Statuette in terracotta colorata con Gesù, Maria, Giuseppe e i pastori ricreano la magia della notte di Natale, mentre Bambini di cera racchiusi sotto campane di vetro testimoniano la devozione all’infanzia di Cristo. E’ un piccolo viaggio nella tradizione e nella sensibilità religiosa l’esposizione “Antichi presepi in mostra”, aperta sino al 31 gennaio nella chiesa del Voto, in via Emilia (tutti i giorni, escluso il lunedì, dalle 10 alle 12 e dalle 16 alle 19, ingresso libero) per iniziativa del Museo civico d’arte, che custodisce una preziosa raccolta di presepi di pregio storico e artistico.

Il gruppo di statuette del Museo, riconducibile ad un ignoto artigiano che si firma “Geminiano Pini 1829” e donato nel 1990 da Innocenza Rosselli-Capitani, ha statuette modellate senza l’ausilio di stampi, in parte probabilmente realizzate da plasticatori dilettanti che lavoravano nelle numerose fornaci della bassa modenese.
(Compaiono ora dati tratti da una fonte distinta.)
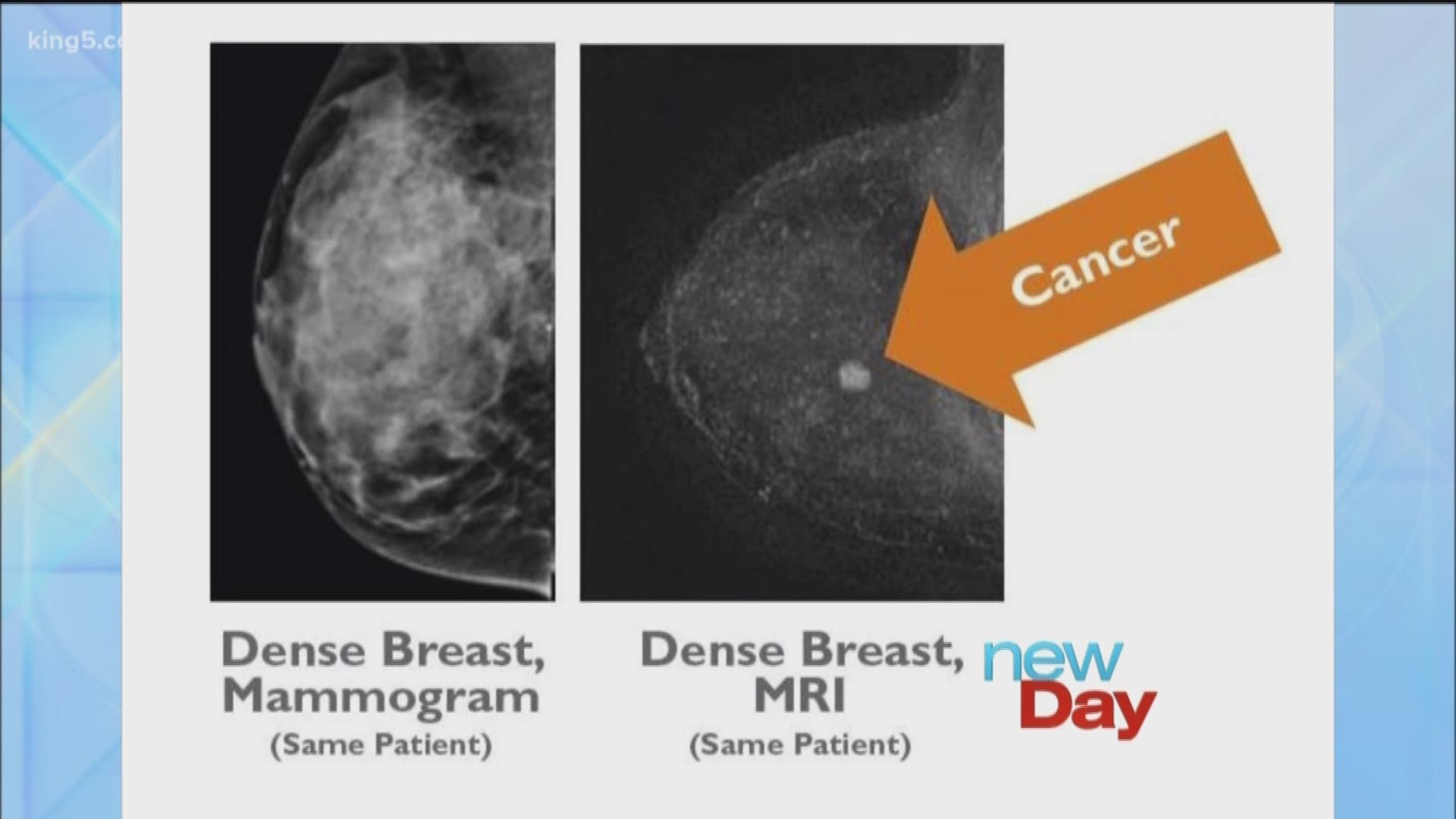 what-is-breast-density-why-does-it-matter-king5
Era una consuetudine diffusa in tutta Italia quella dei “figurinai” i quali, impegnati spesso in altre occupazioni, si dedicavano a questa manifattura per “arrotondare” i salari. Il presepe di casa Rosselli è allestito in una vera e propria scenografia che, in sintonia con le statuette e con la secolare tradizione emiliana, evoca uno scorcio rurale della bassa. La suggestiva ambientazione fu eseguita nel 1992 per il Museo civico d’arte da Koki Fregni, scenografo del Teatro Comunale. Anche il culto per l’infanzia di Cristo ha radici profonde che si legano alla pietà popolare nelle sue molteplici forme: dalle sacre rappresentazioni medievali alla meditazione sull’umanità del figlio di Dio condotta nel chiuso dei monasteri o delle case private.

Bambini in cera, stucco, legno o terracotta provvisti di interi corredi compaiono fin dal Cinquecento negli inventari delle doti delle ragazze che andavano spose o entravano nei conventi, una devozione che si intensifica tra il Sei e l’Ottocento. Molti furono i luoghi di produzione di questi oggetti che, non di rado, si staccano nettamente dalla fattura artigianale entrando in ambiti artistici di alto livello. La delicata consistenza dei materiali con i quali erano realizzati i Bambini, talvolta di dimensioni molto ridotte, quasi imponeva la loro conservazione in scrabattoli o campane di vetro. Significativo, a questo proposito, è il Bambin Gesù in cera contenuto entro una teca, inserita a sua volta in un reliquiario di legno intagliato e dorato. Databile tra Sette e Ottocento, la figurina è adagiata su un piccolo cuscino in tessuto broccato ed è circondata da volute di carta dorata e da di fiori confezionati con bozzoli di baco da seta. Sia la confezione del Bambino che quella degli elementi decorativi rientrano nell’ambito di una particolarissima produzione nella quale si specializzarono le monache di molti ordini di clausura. Nell’ambito della devozione domestica si colloca, invece, il Bambino in cera con scarabattolo dipinto, donato da Anton Celeste Simonini al Museo nel 1972.

L’ultimo pezzo esposto, donato nel 2003 da Maria Segapeli, è invece in cartapesta con un coprifasce di taffetas e merletti di seta e filato metallico, esemplare che appartiene a una tipologia piuttosto frequente nelle chiese e legato alle festività natalizie.